From the start of the U.S. crop year Sept. 1 to Dec. 2, the U.S. has exported 623.8 million bushels of soybeans, up 13 percent from a year earlier.
Showers in South American soybean areas limited gains. However, the moisture was not expected to reach southern growing areas in Argentina.
Corn rose on expectations the USDA will lower its already tight year end corn stocks number.
Also, politicians said that they were working on including extending ethanol subsidies in a large tax bill that includes extending the Bush tax cuts. The ethanol subsidies are to expire at the end of the year.

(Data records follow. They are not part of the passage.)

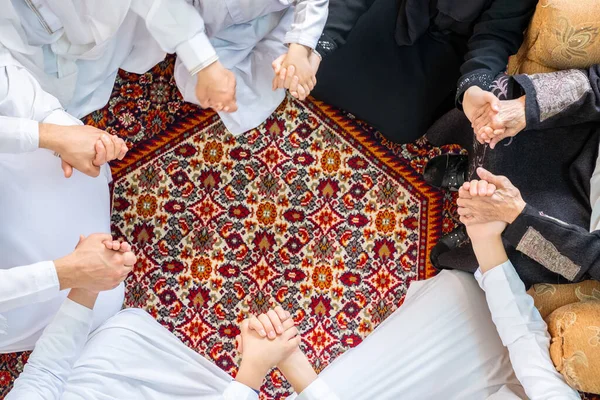 Grupo Muçulmanos Árabes Que Seguram Mãos Uns Dos Outros — Fotografia de Stock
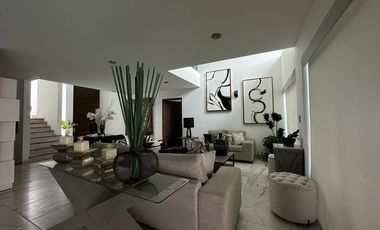 CASA EN VENTA EN FRACCIONAMIENTO LOMAS DE COCOYOC MORELOS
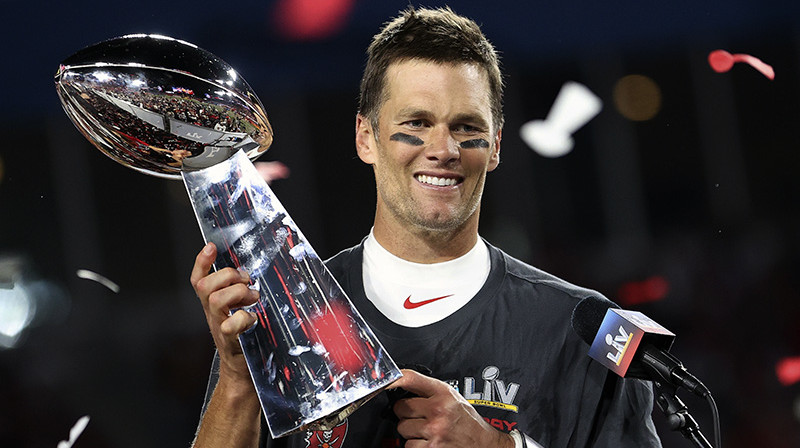 Toms Breidijs ar "Superbowl" trofeju. Foto: AP/Scanpix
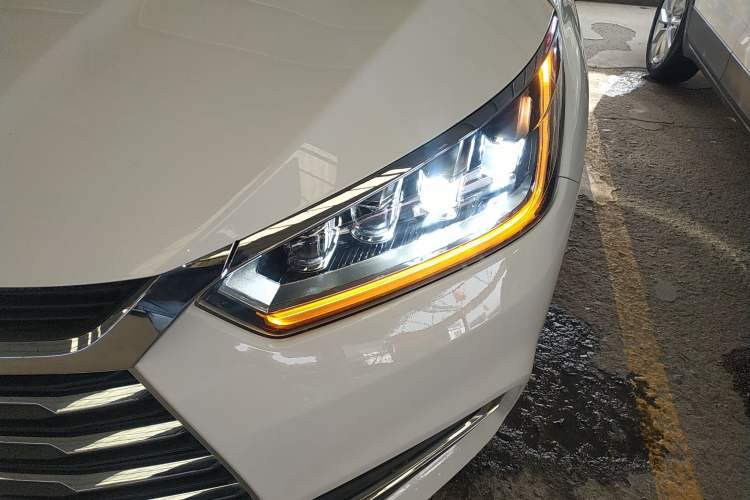 Used BYD Song 2019 1.5TI Automatic Smart Connect Luxurious Edition Left Front Headlight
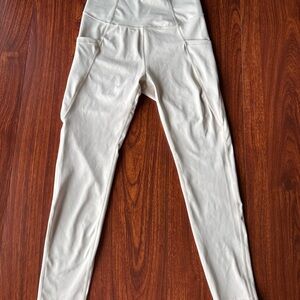 All Fenix Women’s Cream Leggings Size Large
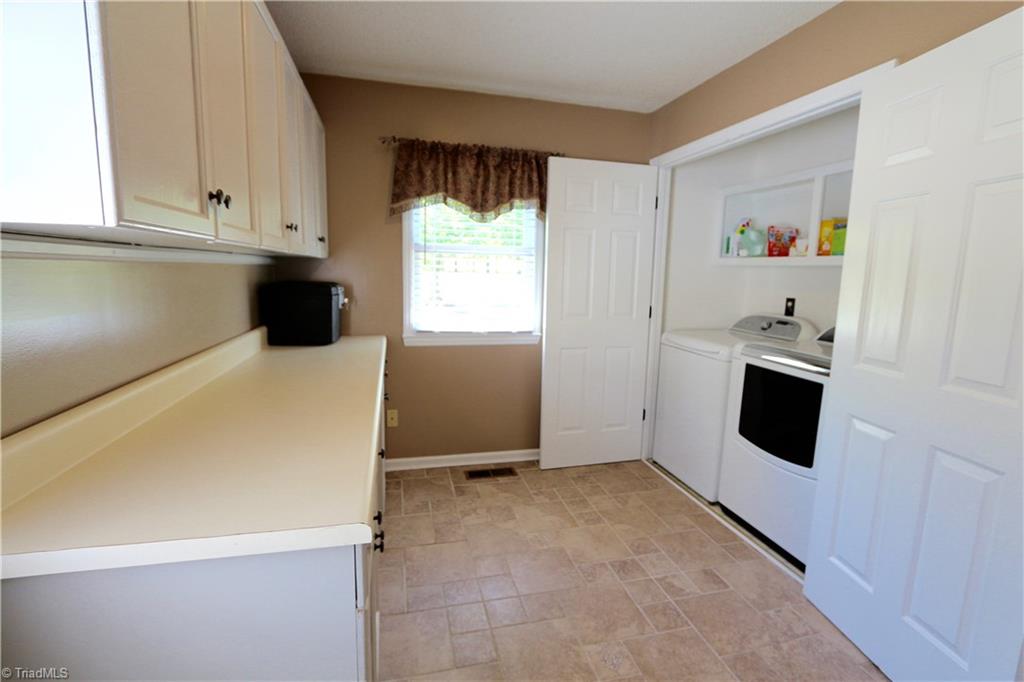 264 Farmland Road Mocksville, NC 27028 - Photo 19 of 29 Gallery Image 19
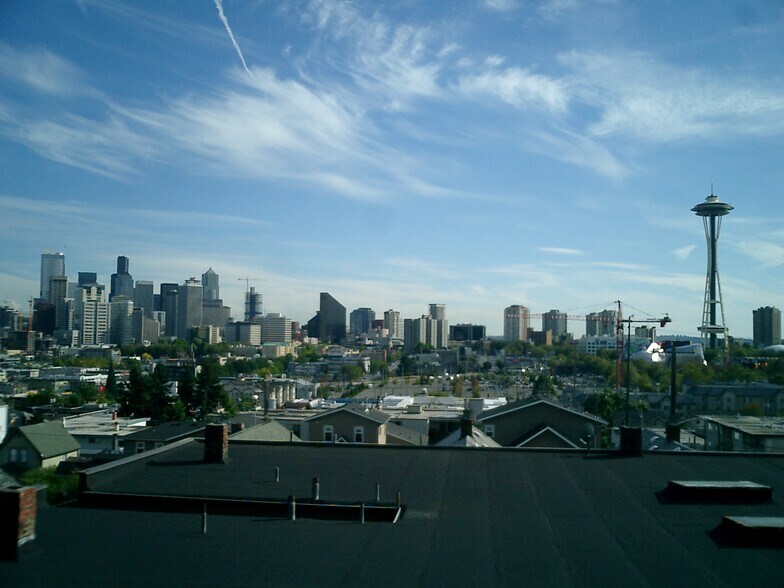 Spectacular City View - 1018 Taylor Ave N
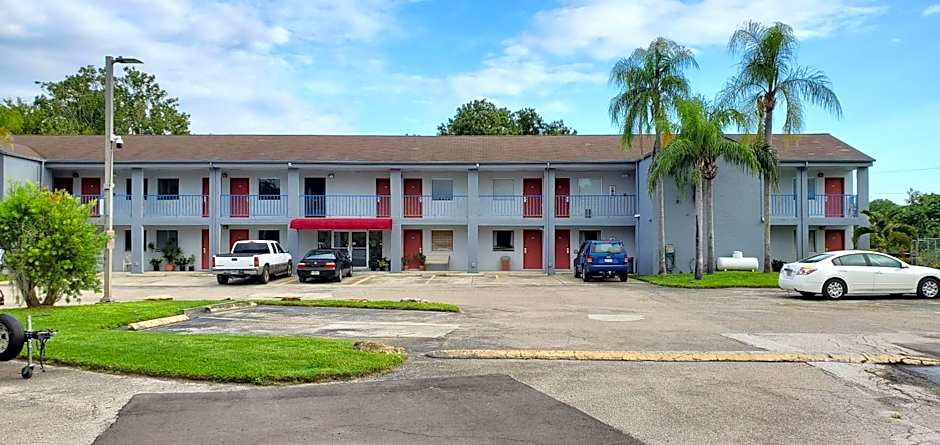 Lakeview Inn & Suites Okeechobee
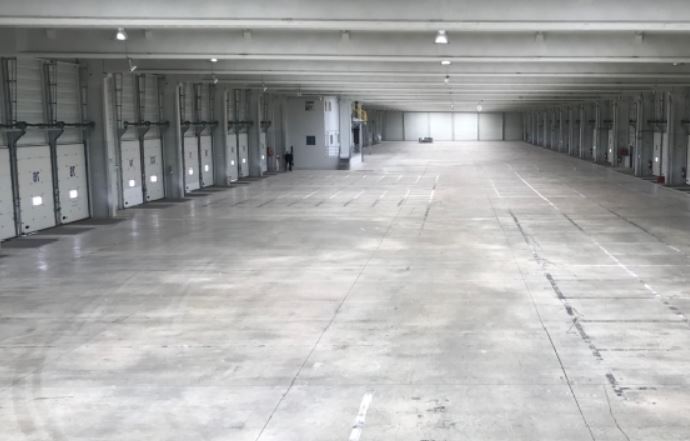 Purchase or lease of an 8,899 m² warehouse in Montbéliard, in the Doubs department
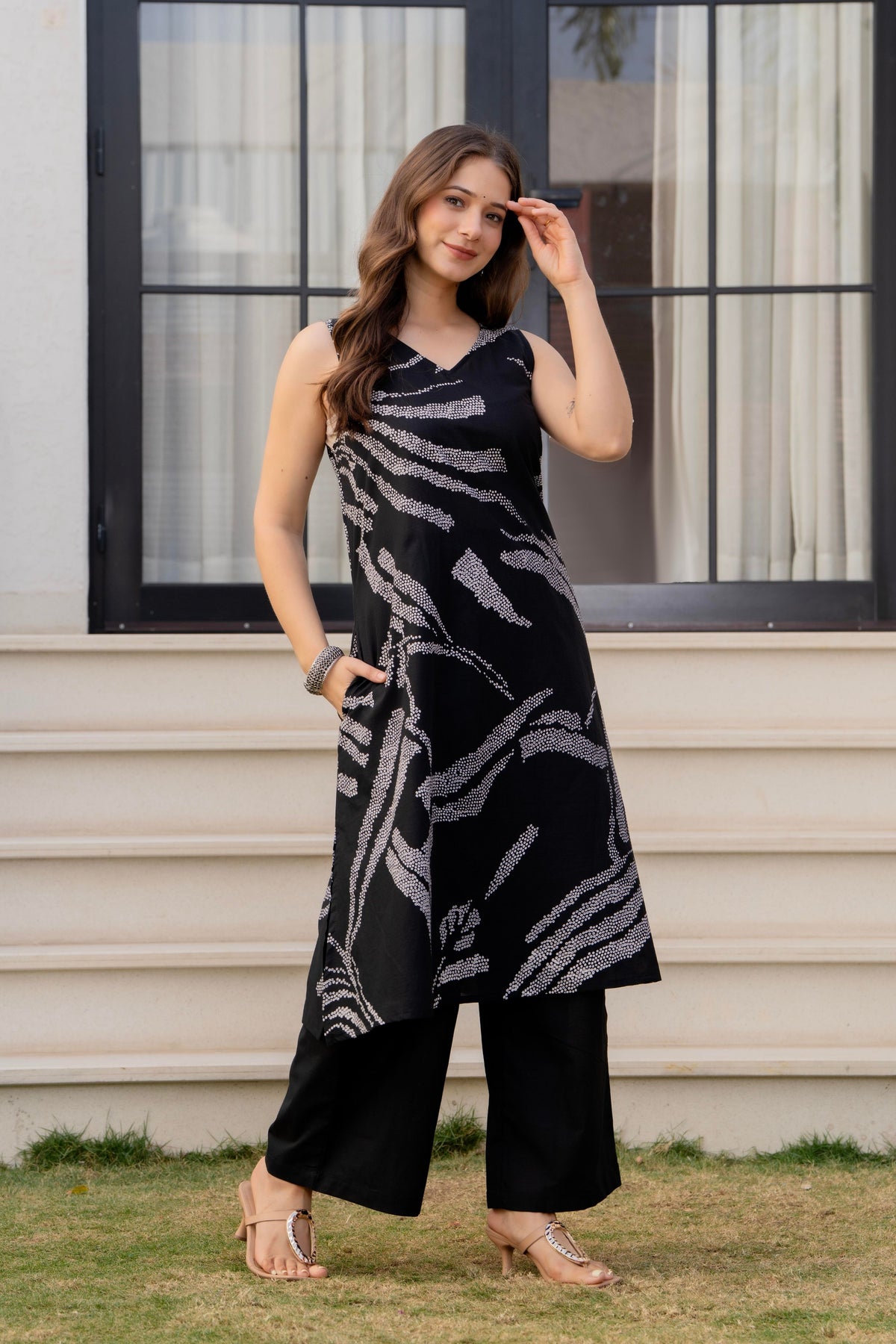 Heer Sleeveless Kurta With Plain Palazzo Set Black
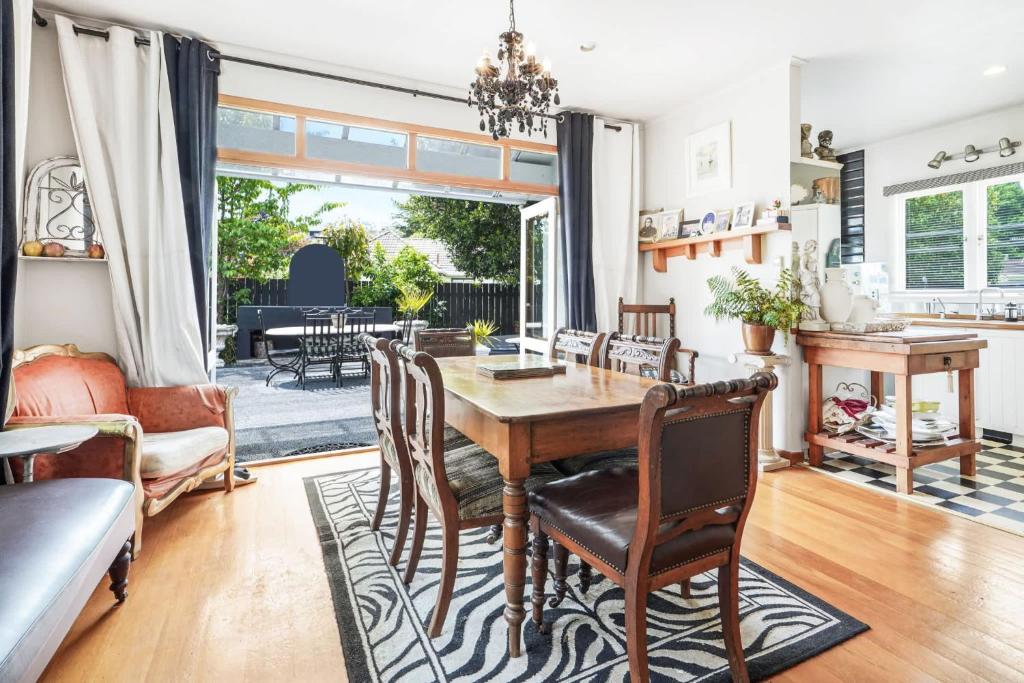 Unique Character in Exclusive River Road Location, Hamilton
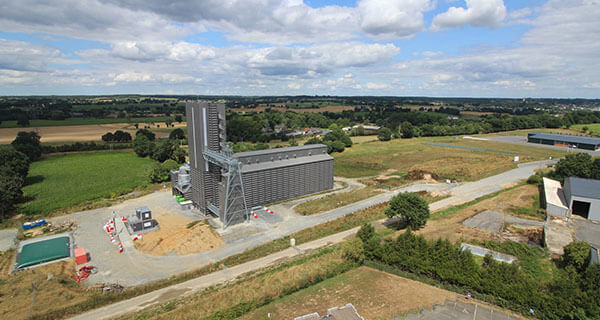 silo de céréales bio à châteaubourg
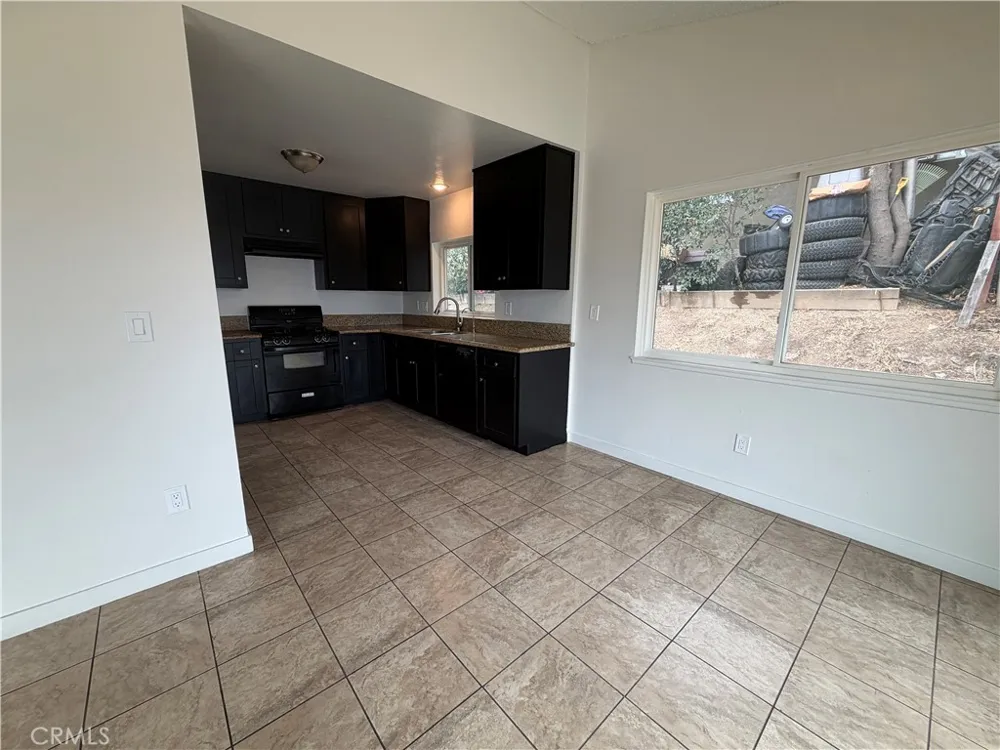 12561 Garber Street Pacoima, CA 91331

Minneapolis wheat rose again, largely due to excess rain in Australia. The Australian Bureau of Agricultural and Resource Economics yesterday forecast a record wheat crop of 26.8 million tonnes. But that did not include the effect of the torrential rains of recent days.
Tom Puddy, head of marketing at Australian grain exporter CBH told Bloomberg news that two to three million tonnes of production might be abandoned because of the rain. CBH forecasts a 23 million tonne crop of which as much as 11 million tonnes would be feed.
Also supporting wheat were comments from Michael Shean, an analyst with the USDA’s foreign service. He told Dow Jones news that dryness in Iran, Iraq and Syria could lead to poor crops and increased demand for imported wheat.
Iran is not normally a large importer, but drought in 2008 caused it to import 6.8 million tonnes of wheat and in 2009 it imported five million tonnes.
In Winnipeg, the January canola contract rose $5.50 to $563.70 per tonne on 11,120 trades.
The March contract rose $5.10 to $571.60 on 10,355 trades.
The November 2011 contract rose $1.80 to $517.40.
The previous day’s best basis widened to $24 under the nearby contract.
The January contract 14-day Relative Strength Index was 66. The rule of thumb is an RSI of 30 indicates an over sold market and 70 indicates an over bought market.
December barley futures were steady at $188 per tonne. March was steady at $194.
Chicago January soybeans rose 10.5 cents to $12.96 US per bushel.
December corn rose 12.25 cents to $5.595 per bu. March rose 12.75 cents to $5.745
December oats rose 14 cents to $3.78 per bu. March rose five cent to $3.78
December Minneapolis hard spring wheat rose 7.75 cents to $8.4275 per bu. March rose 7.75 cents to $8.6275.
In New York, crude oil for January delivery fell 17 cents to $88.52 US per barrel.
The Canadian dollar at noon was 99.02 cents US, down from 99.08 cents the previous trading day. The U.S. dollar at noon was $1.0099.
The TSX composite index fell 98.67 points to close at 13,152.00. The Standard & Poor’s 500 rose 4.49 points to 1,228.24.